> **Exercise data**:
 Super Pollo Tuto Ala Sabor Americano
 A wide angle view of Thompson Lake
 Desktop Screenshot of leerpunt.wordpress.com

> **Work instruction**: All of the data above needs to be transcribed verbatim.

> **Response to the task**:
 Super Pollo Tuto Ala Sabor Americano
 A wide angle view of Thompson Lake
 Desktop Screenshot of leerpunt.wordpress.com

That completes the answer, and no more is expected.